Huset’s motto is Cocina de Campo, meaning countryside cooking, and the menu and design take this look very seriously. From the rampant vegetation that stuffs the windows and hangs from the ceiling and beams to the rustic long tables and benches, to the delicious smell of the wood-fired oven, everything in Huset gives you the impression of a quaint countryside tavern, full of unpretentious personality and charming in its love for the simple pleasures in life.
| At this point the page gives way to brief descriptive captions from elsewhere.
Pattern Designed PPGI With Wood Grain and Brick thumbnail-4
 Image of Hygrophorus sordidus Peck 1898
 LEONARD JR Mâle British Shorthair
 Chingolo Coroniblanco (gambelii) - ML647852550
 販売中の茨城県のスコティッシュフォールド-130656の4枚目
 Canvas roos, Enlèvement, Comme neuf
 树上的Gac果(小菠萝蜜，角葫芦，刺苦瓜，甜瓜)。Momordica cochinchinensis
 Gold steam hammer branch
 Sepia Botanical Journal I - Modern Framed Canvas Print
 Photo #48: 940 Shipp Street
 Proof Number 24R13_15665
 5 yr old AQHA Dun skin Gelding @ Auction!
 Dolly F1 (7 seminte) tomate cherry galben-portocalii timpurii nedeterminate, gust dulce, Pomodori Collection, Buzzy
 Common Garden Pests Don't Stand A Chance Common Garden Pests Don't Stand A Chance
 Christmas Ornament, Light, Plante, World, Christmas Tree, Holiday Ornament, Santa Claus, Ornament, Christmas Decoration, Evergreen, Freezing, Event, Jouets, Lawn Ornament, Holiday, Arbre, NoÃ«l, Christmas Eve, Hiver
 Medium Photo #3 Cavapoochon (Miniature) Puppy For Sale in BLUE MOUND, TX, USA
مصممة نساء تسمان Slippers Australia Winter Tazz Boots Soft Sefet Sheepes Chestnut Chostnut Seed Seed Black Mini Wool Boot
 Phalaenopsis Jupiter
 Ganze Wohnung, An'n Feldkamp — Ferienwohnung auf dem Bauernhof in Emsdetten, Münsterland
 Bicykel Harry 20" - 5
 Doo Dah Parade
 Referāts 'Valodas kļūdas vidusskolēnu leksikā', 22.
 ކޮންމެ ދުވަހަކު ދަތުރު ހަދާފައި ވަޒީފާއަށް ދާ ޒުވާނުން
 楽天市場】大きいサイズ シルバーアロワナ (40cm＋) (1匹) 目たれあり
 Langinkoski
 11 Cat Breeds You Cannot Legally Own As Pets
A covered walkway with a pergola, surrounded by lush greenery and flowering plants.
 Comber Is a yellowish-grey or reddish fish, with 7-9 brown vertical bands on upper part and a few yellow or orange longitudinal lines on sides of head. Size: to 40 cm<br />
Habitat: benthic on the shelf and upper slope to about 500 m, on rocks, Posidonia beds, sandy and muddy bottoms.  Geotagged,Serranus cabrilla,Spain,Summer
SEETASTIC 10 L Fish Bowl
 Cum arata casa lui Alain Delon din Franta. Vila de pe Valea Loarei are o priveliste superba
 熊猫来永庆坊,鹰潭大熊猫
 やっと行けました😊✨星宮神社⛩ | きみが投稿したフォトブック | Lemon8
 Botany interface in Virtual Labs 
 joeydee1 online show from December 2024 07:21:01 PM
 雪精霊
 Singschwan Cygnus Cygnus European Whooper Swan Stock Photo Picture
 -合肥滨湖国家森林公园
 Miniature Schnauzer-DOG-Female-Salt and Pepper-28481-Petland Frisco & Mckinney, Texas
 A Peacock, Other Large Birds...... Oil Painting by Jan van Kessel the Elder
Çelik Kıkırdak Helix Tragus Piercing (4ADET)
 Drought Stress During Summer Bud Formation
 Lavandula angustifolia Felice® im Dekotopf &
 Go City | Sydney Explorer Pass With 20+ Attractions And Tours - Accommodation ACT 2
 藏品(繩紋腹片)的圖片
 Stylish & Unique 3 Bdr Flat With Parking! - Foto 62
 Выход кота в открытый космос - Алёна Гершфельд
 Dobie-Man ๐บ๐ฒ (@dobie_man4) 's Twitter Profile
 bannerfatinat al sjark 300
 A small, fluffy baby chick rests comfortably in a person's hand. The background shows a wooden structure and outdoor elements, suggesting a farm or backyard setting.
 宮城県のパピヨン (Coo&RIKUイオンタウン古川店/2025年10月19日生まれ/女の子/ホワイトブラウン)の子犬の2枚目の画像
The large patio with a gravel floor hosts lush wooden tables and benches that are illuminated at night by low-hanging tungsten lights in small lanterns, while fairy-light-like spotlights hidden in the green canopy above give you the impression of dining under the stars. In the daytime, the sunlight plays hide and seek among the climbing plants draped on the ceiling beams, letting you peer through at the funky graffiti walls above, while ivy climbs all around the walls making sure the room stays cool even during the hottest Mexican summers.
The wood oven is the true protagonist, however, churning out delicious pizzas and diffusing a comforting smell of burnt wood all day long, while the rest of the menu takes you on a Mexico-wide culinary journey: from a fine grilled romaine lettuce salad to the addictive gnocchi with lemon cream, to the wood-fired sea bass with sweet potato puree, to the delicious dessert of brioche bread with ashy goat’s cheese foam.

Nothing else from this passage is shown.